### DATA TO EXAMINE
——————
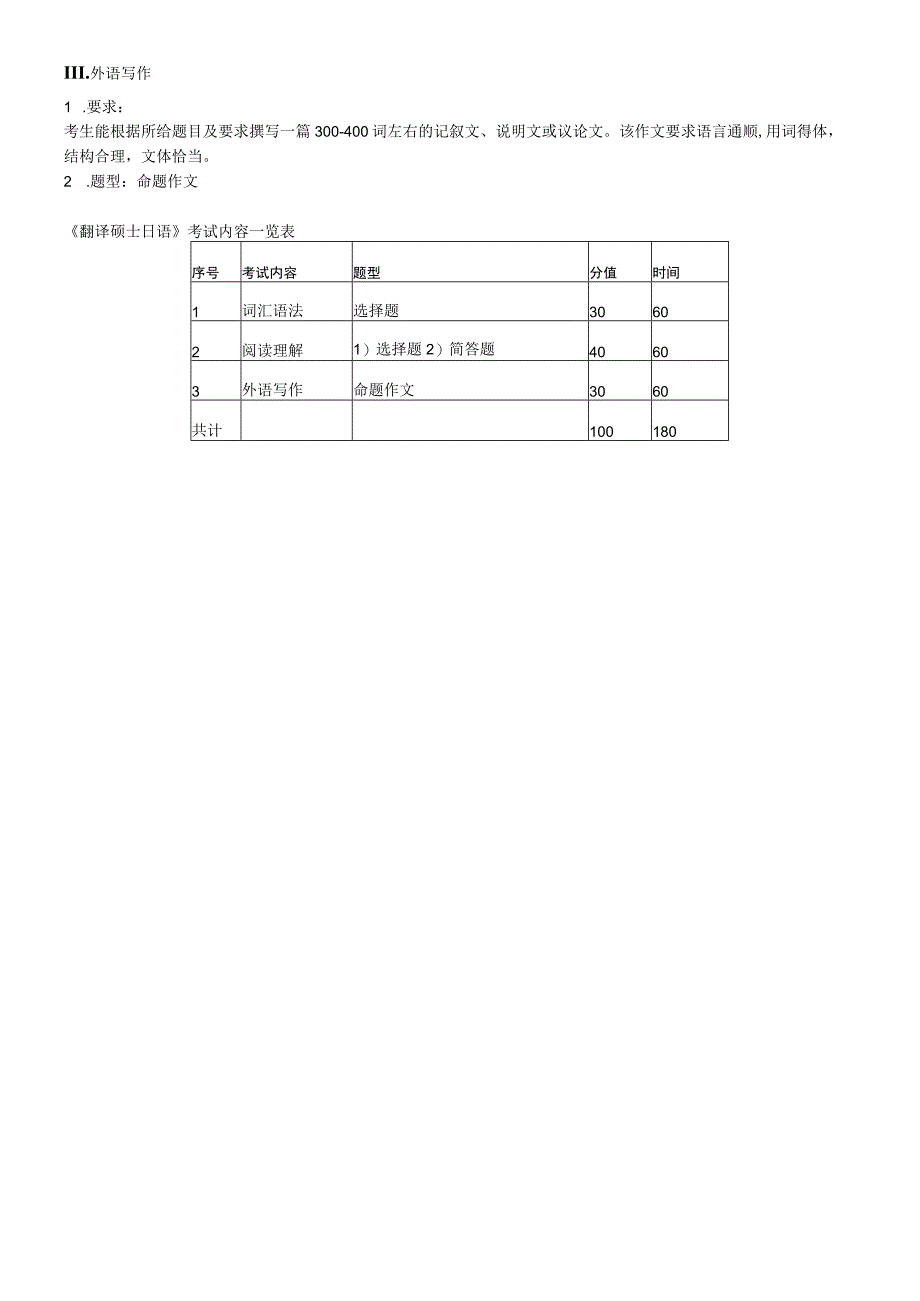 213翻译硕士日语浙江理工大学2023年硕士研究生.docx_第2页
——————
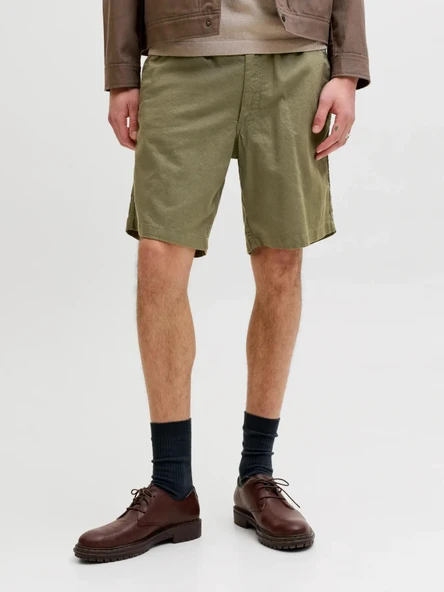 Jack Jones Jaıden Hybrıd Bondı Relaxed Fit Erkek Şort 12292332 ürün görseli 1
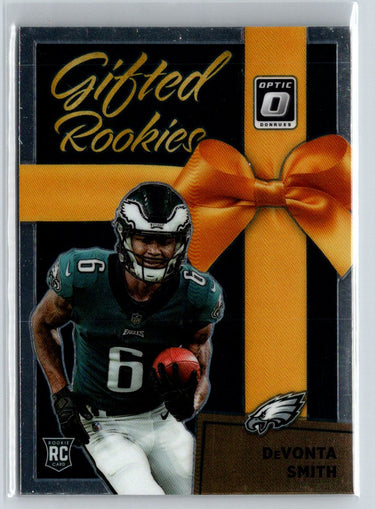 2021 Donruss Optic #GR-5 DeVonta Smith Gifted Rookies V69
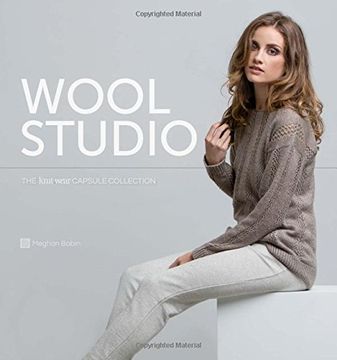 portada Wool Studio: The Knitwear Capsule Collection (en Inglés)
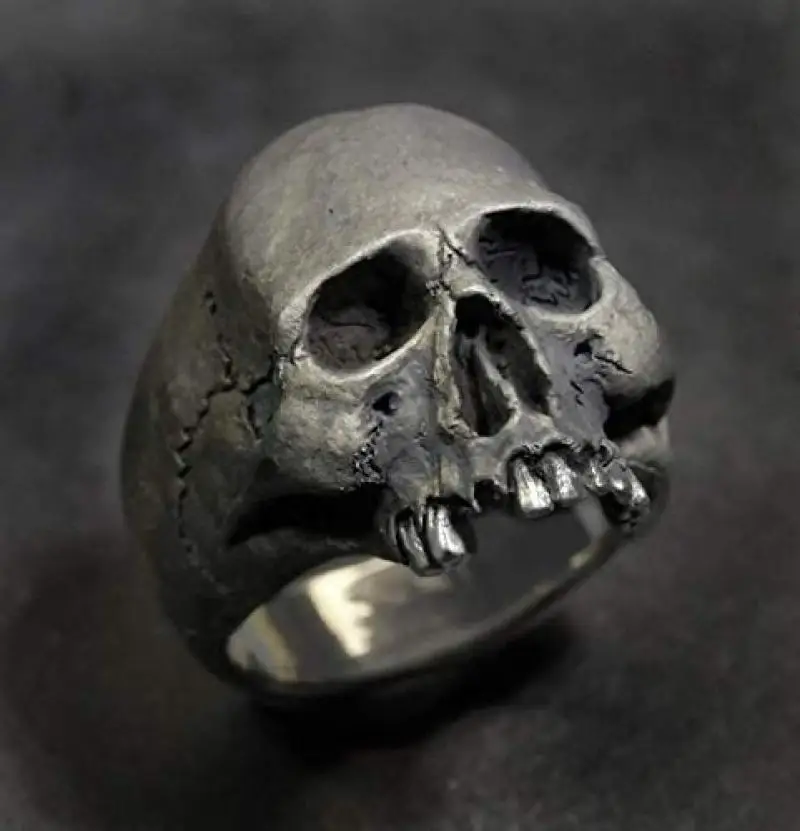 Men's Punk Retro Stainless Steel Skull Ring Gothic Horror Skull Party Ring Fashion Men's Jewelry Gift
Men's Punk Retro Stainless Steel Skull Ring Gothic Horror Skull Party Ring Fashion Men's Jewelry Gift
——————
### WORK INSTRUCTIONS
Transcribe only this stretch of the data: the line with "Jack Jones Jaıden", the line with "portada Wool Studio: The", and every line in between. Leave out the pictures.

### ANSWER TO THIS EXERCISE
 Jack Jones Jaıden Hybrıd Bondı Relaxed Fit Erkek Şort 12292332 ürün görseli 1
 2021 Donruss Optic #GR-5 DeVonta Smith Gifted Rookies V69
 portada Wool Studio: The Knitwear Capsule Collection (en Inglés)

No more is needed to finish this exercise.